Okay so for anyone that actually gives a damn (and how could I blame you if you don’t?) here’s the total number of combinations and how to figure them out. (Of course you can skip down to the end if you just want a number)
First let me say every calculation I’ve done thus far has been off. Even the whole 565554 thing was off. EC was right, without taking assists into account you have 27,720 character combinations.
First of all this calculation is based on the DC version where you can double and triple select the same player.
I’m going to agree with EC and say that Strider, Doom, Sent. Is the same as Sent, Doom, Strider.
The dominant term will be [56!/( 3!(56-3!))]. This accounts for each unique team (assists will be factored in later)
For those of you familiar with basic stats or know the term “Binomial Coefficient” you’ll recognize that that term only accounts for unique teams as when you say, “56 choose 3” you’re not replacing each one of your choices. Therefore you have to add on the two remaining cases
Case I.
Double picking. If I pick character #1, but choose to double up on #2 and #3 there are 56 characters I can select for #1, but only 55 remaining for my second choices. So there are simply 56*55 cases of double picking.
Case II.
Triple picking. This is easy. There are 56.
Assists.
Now let’s factor in assists. There are 3^3 = 3*3 =27 ways to pick them. i.e. AAA AAB, AAC etc.
So to start we’ll take:
([56!/( 3!(56-3!))] + 56*55 + 56) *27 = 831,656
But wait
Multiplying everything by 27 isn’t quite right because the second and third factor clearly don’t have 27 unique assist combinations, and there are also Guile, Iceman, and Charlie to account for. To do this we now subtract off these terms
Subtraction Case I.
Double picking
Let’s say I pick Strider, Doom, Doom. Well Strider’s got 3 assits he’s free to pick from. Doom Doom however are going to eventually have to pick the same one. For this we only need to realize that A<->A, B<->B, and C<->C are not unique as would be the case for a team consisting of 3 unique players so in this case there are only 24 combinations and not 27 (. Which means we’ll have to take 831,656 - (56553) = 822416. This term is the term figured above for double picking minus the 3 double picked cases.
Subtraction Case II.
This one accounts for picking 3 of the same character. In this case there are 9 different combinations. So we do 822416-(56*9) = 821912
Subtraction Case III.
Iceman Guile and Charlie really fuck things over.

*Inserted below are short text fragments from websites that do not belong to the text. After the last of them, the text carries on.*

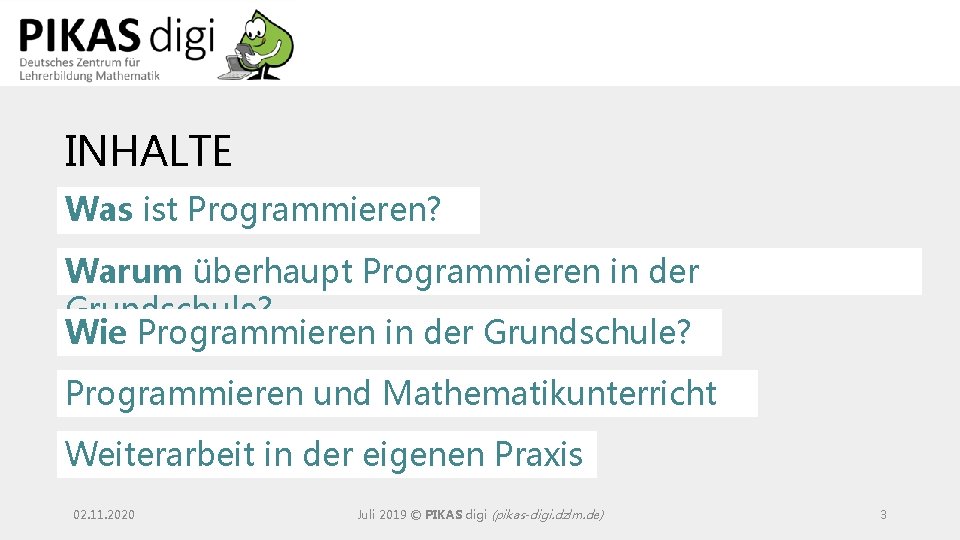 INHALTE Was ist Programmieren? Warum überhaupt Programmieren in der Grundschule? Wie Programmieren in der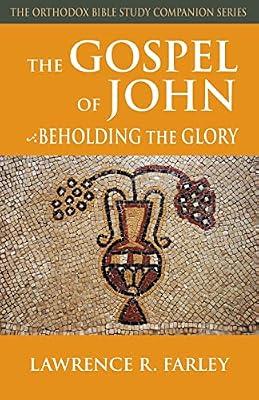 The Gospel of John: Beholding the Glory by Farley, Lawrence R. | Paperback | Christian Theology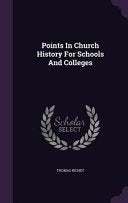 Points In Church History For Schools And Colleges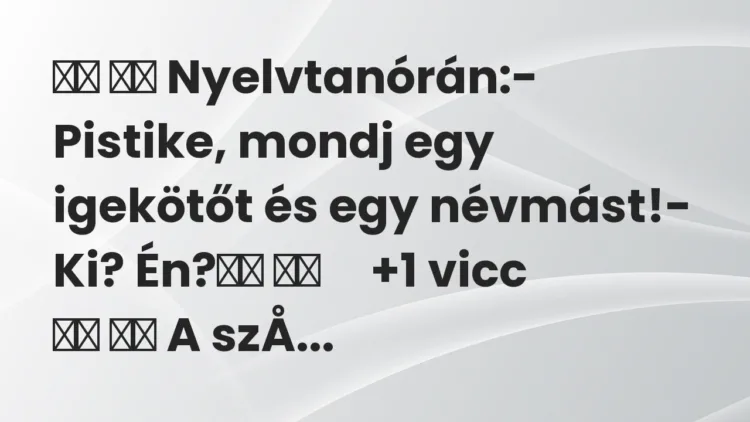 Vicc: Nyelvtanórán:- Pistike, mondj egy igekötőt és egy…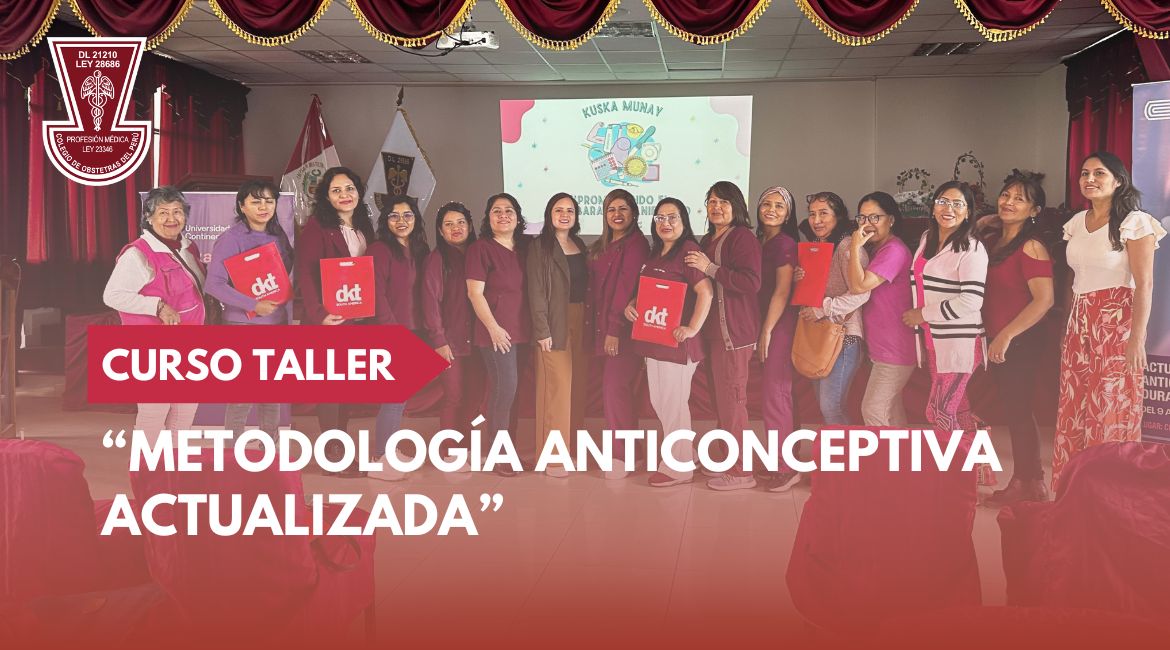 Curso Taller: “Metodología Anticonceptiva Actualizada” - HUÁNUCO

It’s best to do them one at a time. And I’M SHAKING MY FIST REALLY HARD at whomever brought up this exception, because it’s really tedious to incorperate, but for the sake of accuracy…
So you want to pick a team that only has Iceman OR Guile OR Charlie. After you pick one that leaves 53 characters and a team with only 18 unique assist combinations so you have 53!/(2!(53-2)! for the combinations of remaining team members *3(Charlie, Guile, Iceman) *9 (Initially these teams were counted as having 27 combinations of assists, but they actually have 18, so we’re subtracting off the 9 remaining). We’re now down to 747500 teams
You know… I’m going to stop myself here. I’m perfectly capable of finishing this post, but… right now I want to play some fucking SFIV, and I doubt anyone but me and possibly EC even gives a damn. If you want me to finish it you can post here or PM me, but until further notice I’m going to assume no one cares and leave it here.